One evening, when Father was coming in from work, I was playing trains in the front garden.
I let on not to notice him; instead, I pretended to be talking to myself, and said in a loud voice:
"If another bloody baby comes into this house, I’m going out."
Father stopped dead and looked at me over his shoulder. "What’s that you said?" he asked
sternly.
""I was only talking to myself," I replied, trying to conceal my panic. "It’s private."
He turned and went in without a word.
Mind you, I intended it as a solemn warning, but its effect was quite different. Father started
being quite nice to me. I could understand that, of course. Mother was quite sickening about
Sonny. Even at mealtimes she’d get up and gawk at him in the cradle with an idiotic smile,
and tell Father to do the same. He was always polite about it, but he looked so puzzled you
could see he didn’t know what she was talking about. He complained of the way Sonny cried
at night, but she only got cross and said that Sonny never cried except when there was
something up with him – which was a flaming lie, because Sonny never had anything up with
him, and only cried for attention. It was really painful to see how simpleminded she was.

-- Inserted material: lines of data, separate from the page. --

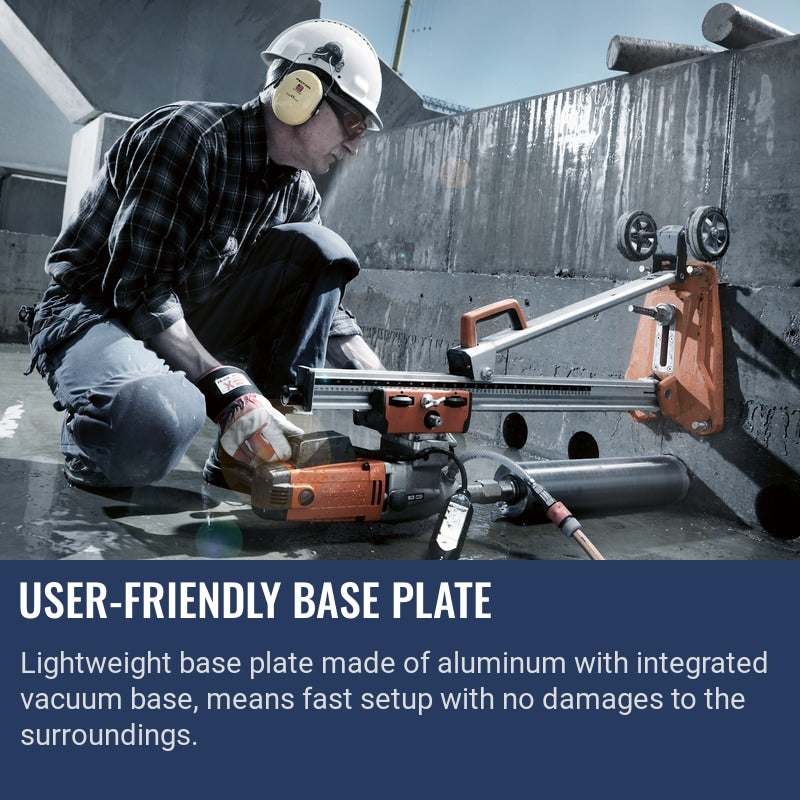 Husqvarna DMS 240 User-friendly base plate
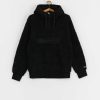 Clothing Champion Sweatshirts/Hoodies | Champion Hooded Half Zip Top 219446 Hoodie Black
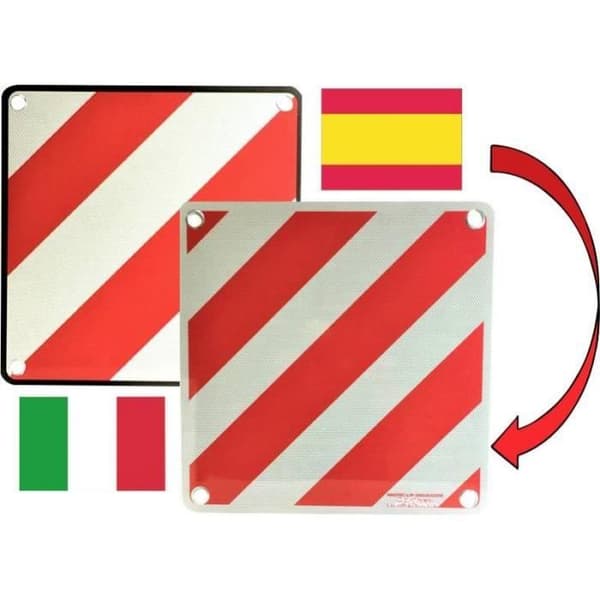 IWH 97605 Warntafel 2in1 för Spanien och italienska Varningsskylt (L x B) 50 cm x 50 cm - 4045914976054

Father wasn’t attractive, but he had a fine intelligence. He saw through Sonny, and now he
knew that I saw through him as well. One night I woke with a start. There was someone
beside me in the bed. For one wild moment I felt sure it must be Mother, having come to her
senses and left Father for good, but then I heard Sonny in convulsions in the next room, and
Mother saying: "There! There! There!" and I knew it wasn’t she. It was Father. He was lying
beside me, wide-awake, breathing hard and apparently as mad as hell. After a while it came
to me what he was mad about. It was his turn now. After turning me out of the big bed, he
had been turned out himself. Mother had no consideration now for anyone but that poisonous
pup, Sonny.
I couldn’t help feeling sorry for Father. I had been through it all myself, and even at that age I
was magnanimous. I began to stroke him down and say: "There! There!"
He wasn’t exactly responsive. "Aren’t you asleep either?" he snarled.
"Ah, come on and put your arm around us, can’t you?" I said, and he did, in a sort of way.
Gingerly, I suppose, is how you’d describe it. He was very bony but better than nothing.
At Christmas he went out of his way to buy me a really nice model railway.